- **Exercise data**:
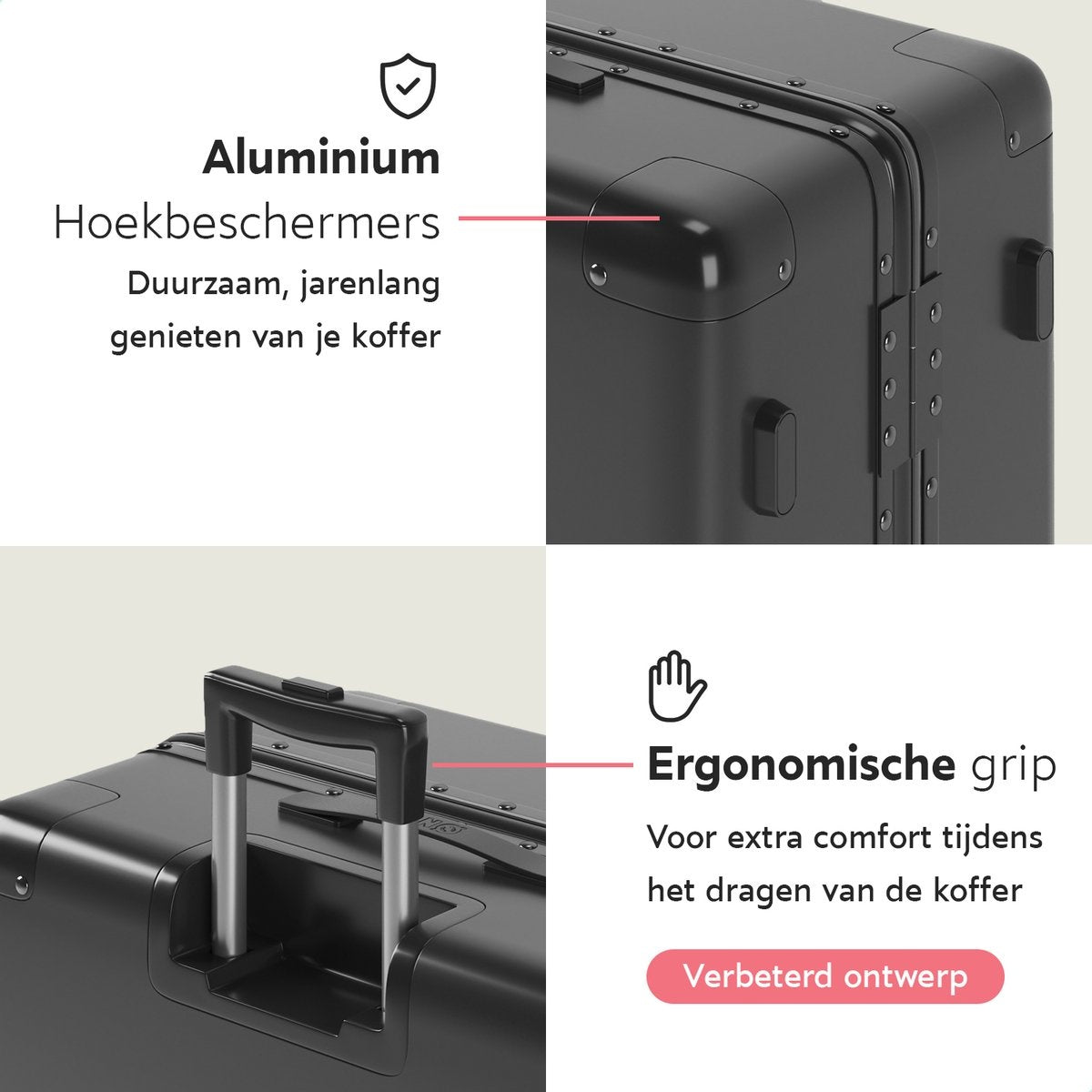 ONYXÂ® Check-in-Koffer 65L - TSA-Schloss - Spinner-Räder - leichter Trolley - Aluminium-Verschluss - Schwarz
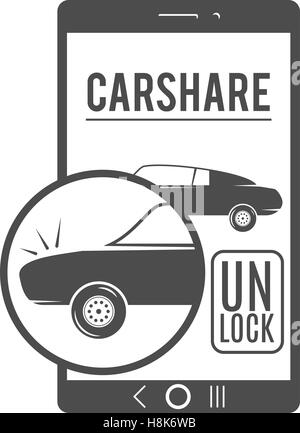 Auto-Anteil-Logo-Design. Auto-Sharing-Vektor-Konzept. Gemeinsame Nutzung von Autos über Web-Anwendung. Carsharing-Symbol, Autovermietung Element und app-Symbol. Verwenden Sie für Webdesign oder drucken. Monochrome Gestaltung. Stock Vektor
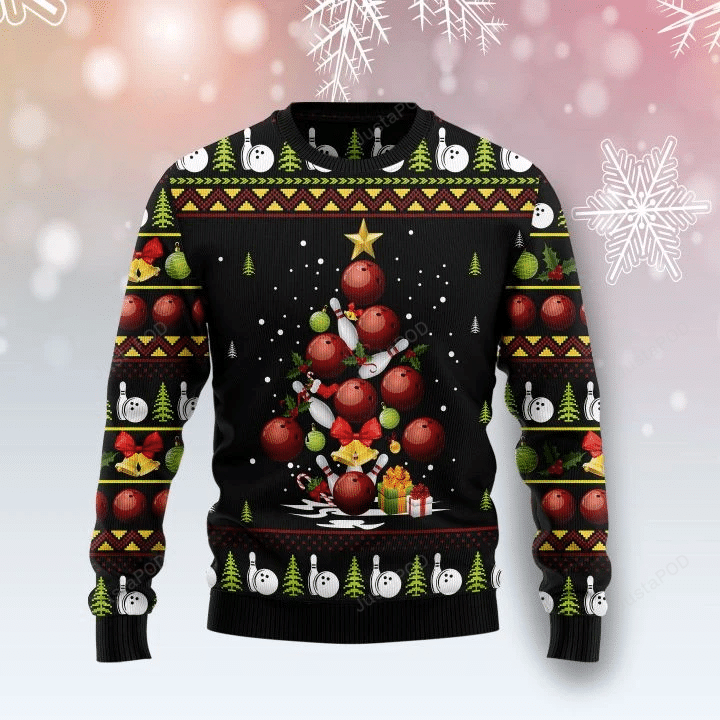 Bowling Christmas Tree Ugly Christmas Sweater Bowling Christmas Tree Ugly Christmas Sweater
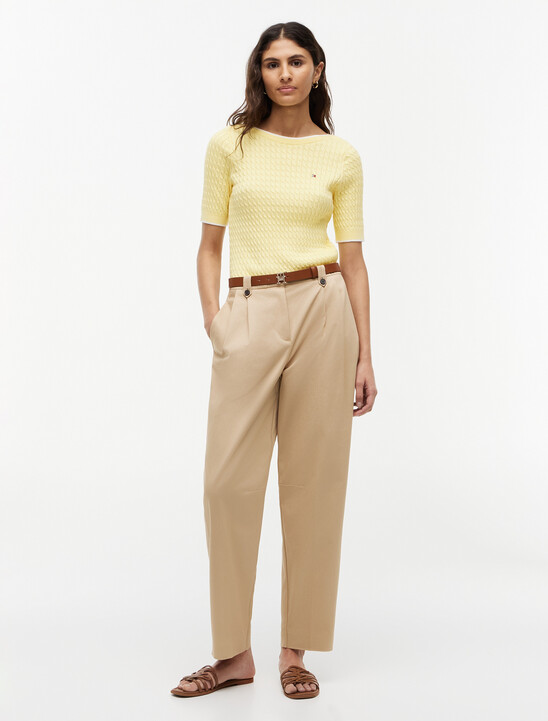 Cable Knit Boat Neck Short Sleeve Jumper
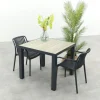 Stripe/Nola stapelbare tuinset 90x90 cm. - Antraciet/Houtlook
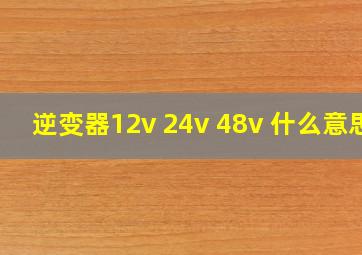 逆变器12v 24v 48v 什么意思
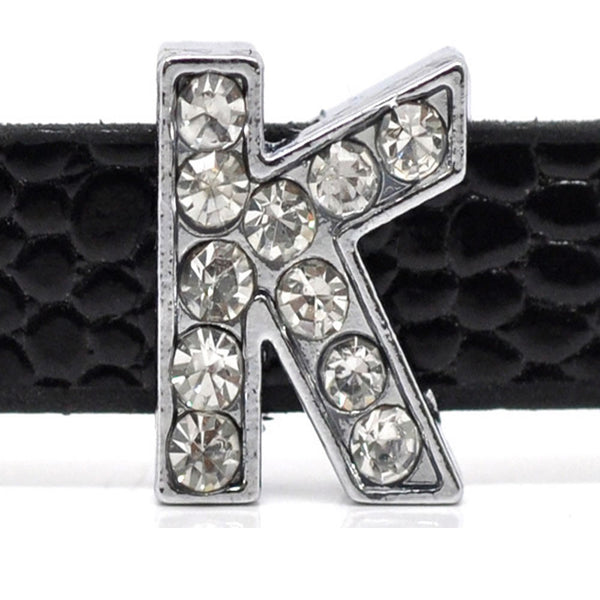 Rhinestone Alphabet Letter K Charm Beads For Slider Style Buckle Charm Bracelet!
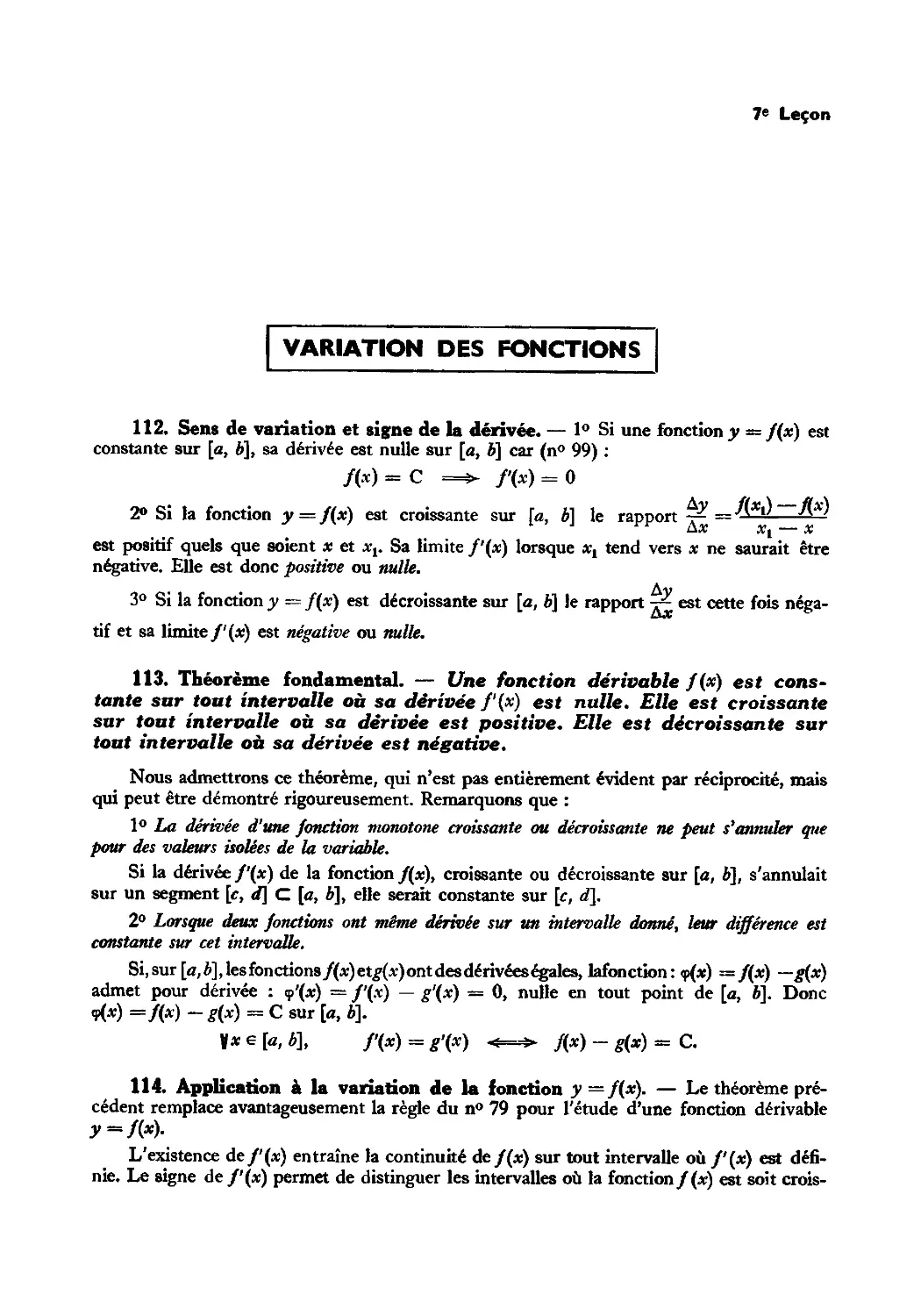 Variation des fonctions
113. Théorème fondamental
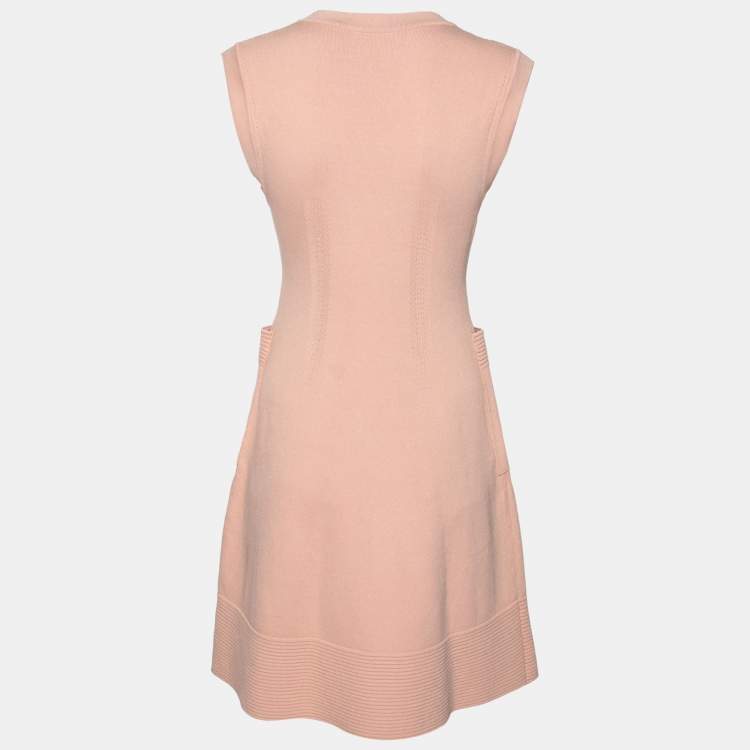 Pre Owned Balenciaga Peach Knit Pocketed Sleeveless Dress M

- **What is needed**: Write out verbatim the lines from the one containing "Stripe/Nola stapelbare tuinset" through the last line of the listing above, and no other lines; omit pictures.

- **Response area**:
 Stripe/Nola stapelbare tuinset 90x90 cm. - Antraciet/Houtlook
 逆变器12v 24v 48v 什么意思
 Rhinestone Alphabet Letter K Charm Beads For Slider Style Buckle Charm Bracelet!
 Variation des fonctions
113. Théorème fondamental
 Pre Owned Balenciaga Peach Knit Pocketed Sleeveless Dress M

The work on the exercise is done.